**Material for the task:**
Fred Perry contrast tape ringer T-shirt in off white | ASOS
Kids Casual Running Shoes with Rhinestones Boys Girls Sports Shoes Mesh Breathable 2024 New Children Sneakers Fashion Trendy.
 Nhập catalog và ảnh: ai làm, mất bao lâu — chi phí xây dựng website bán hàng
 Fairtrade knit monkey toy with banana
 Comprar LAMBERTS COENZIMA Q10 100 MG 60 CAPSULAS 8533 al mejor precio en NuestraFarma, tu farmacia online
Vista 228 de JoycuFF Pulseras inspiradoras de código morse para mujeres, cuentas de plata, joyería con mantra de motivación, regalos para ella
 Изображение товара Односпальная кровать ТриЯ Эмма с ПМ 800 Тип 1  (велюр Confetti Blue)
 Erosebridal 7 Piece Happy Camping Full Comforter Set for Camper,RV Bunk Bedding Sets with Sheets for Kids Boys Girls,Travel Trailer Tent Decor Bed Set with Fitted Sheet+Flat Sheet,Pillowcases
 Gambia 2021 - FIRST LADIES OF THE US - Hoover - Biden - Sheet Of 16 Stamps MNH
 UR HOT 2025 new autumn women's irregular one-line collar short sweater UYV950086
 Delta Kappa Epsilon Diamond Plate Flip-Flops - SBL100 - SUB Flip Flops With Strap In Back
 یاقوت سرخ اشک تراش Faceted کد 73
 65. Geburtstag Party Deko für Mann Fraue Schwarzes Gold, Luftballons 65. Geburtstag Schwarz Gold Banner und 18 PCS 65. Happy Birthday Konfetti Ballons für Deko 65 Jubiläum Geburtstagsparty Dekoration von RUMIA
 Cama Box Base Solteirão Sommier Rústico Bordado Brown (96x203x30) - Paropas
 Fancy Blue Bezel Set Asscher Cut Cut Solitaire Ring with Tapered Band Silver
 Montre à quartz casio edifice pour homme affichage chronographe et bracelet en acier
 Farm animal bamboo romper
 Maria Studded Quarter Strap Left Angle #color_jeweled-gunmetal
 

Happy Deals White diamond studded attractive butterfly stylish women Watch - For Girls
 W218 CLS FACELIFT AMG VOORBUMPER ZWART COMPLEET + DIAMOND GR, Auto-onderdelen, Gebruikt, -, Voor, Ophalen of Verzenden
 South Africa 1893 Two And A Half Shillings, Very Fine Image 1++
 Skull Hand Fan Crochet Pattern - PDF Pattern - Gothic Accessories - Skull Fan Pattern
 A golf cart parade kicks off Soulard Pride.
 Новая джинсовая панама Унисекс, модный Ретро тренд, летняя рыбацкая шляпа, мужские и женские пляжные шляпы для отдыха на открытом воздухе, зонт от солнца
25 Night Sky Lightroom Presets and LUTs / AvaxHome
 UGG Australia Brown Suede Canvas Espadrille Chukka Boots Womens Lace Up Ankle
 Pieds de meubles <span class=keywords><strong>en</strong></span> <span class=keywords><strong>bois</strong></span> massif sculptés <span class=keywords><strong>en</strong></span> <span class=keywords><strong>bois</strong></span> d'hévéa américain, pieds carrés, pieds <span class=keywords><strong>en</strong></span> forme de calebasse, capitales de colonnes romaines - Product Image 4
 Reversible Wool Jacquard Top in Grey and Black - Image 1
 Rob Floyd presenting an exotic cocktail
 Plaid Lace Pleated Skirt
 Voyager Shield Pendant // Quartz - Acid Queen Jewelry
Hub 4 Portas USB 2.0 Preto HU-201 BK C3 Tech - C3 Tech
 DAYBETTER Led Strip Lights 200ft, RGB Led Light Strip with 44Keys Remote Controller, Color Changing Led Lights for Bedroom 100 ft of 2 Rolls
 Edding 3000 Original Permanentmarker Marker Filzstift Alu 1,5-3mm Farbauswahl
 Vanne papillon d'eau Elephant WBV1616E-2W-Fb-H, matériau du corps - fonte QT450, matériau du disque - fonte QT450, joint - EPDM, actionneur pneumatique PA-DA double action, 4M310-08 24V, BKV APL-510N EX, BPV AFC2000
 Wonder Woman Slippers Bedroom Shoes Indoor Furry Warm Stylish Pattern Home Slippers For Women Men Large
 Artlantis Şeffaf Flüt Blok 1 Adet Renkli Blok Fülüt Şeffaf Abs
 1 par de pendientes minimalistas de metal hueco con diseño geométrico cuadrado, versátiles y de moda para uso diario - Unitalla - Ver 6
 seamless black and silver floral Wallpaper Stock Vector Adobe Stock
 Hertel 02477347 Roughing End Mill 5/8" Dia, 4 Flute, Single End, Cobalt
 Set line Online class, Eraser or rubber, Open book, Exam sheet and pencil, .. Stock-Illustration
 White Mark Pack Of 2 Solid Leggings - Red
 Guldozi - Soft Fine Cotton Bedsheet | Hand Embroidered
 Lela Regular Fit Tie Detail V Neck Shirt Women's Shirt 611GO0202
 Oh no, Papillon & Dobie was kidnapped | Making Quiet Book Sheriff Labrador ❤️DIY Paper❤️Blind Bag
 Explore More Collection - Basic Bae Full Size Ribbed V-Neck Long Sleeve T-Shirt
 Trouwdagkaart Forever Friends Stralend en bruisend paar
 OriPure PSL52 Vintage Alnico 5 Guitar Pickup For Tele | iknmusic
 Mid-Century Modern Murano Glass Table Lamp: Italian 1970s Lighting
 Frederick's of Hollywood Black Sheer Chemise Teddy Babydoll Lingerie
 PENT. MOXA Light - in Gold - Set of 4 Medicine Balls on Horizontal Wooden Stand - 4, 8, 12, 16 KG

**Description of the task:**
Using the material above, transcribe exactly the lines from the line with "Artlantis Şeffaf Flüt" to the line with "White Mark Pack Of 2 Solid Leggings - Red"; both count, and nothing else goes in.

**Reply:**
 Artlantis Şeffaf Flüt Blok 1 Adet Renkli Blok Fülüt Şeffaf Abs
 1 par de pendientes minimalistas de metal hueco con diseño geométrico cuadrado, versátiles y de moda para uso diario - Unitalla - Ver 6
 seamless black and silver floral Wallpaper Stock Vector Adobe Stock
 Hertel 02477347 Roughing End Mill 5/8" Dia, 4 Flute, Single End, Cobalt
 Set line Online class, Eraser or rubber, Open book, Exam sheet and pencil, .. Stock-Illustration
 White Mark Pack Of 2 Solid Leggings - Red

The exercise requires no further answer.